- ENTRIES SUPPLIED
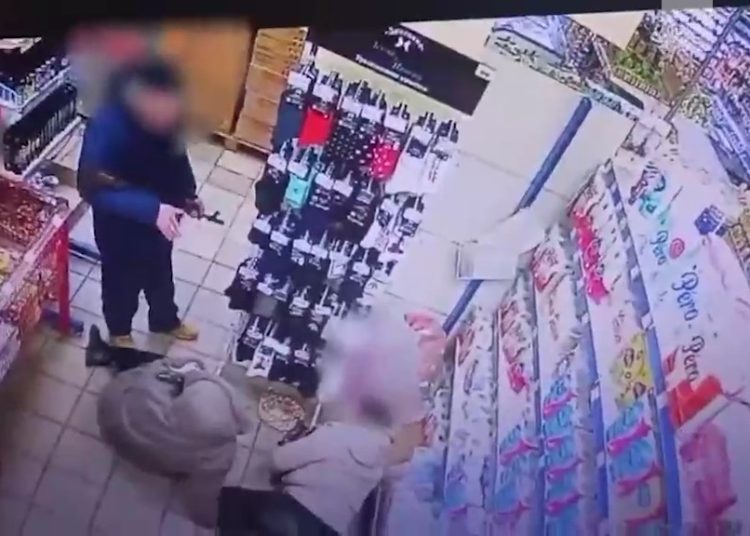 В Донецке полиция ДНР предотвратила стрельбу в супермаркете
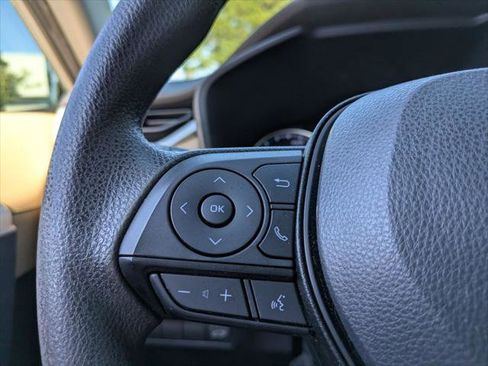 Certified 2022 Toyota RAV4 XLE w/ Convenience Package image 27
...
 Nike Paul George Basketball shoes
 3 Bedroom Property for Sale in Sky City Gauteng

- WHAT YOU HAVE TO DO
Using the data above, which lines fall from the one with "В Донецке полиция" through the one with "Certified 2022 Toyota"? Repeat them exactly, ends included, minus any pictures.

- TASK RESPONSE
 В Донецке полиция ДНР предотвратила стрельбу в супермаркете
 Certified 2022 Toyota RAV4 XLE w/ Convenience Package image 27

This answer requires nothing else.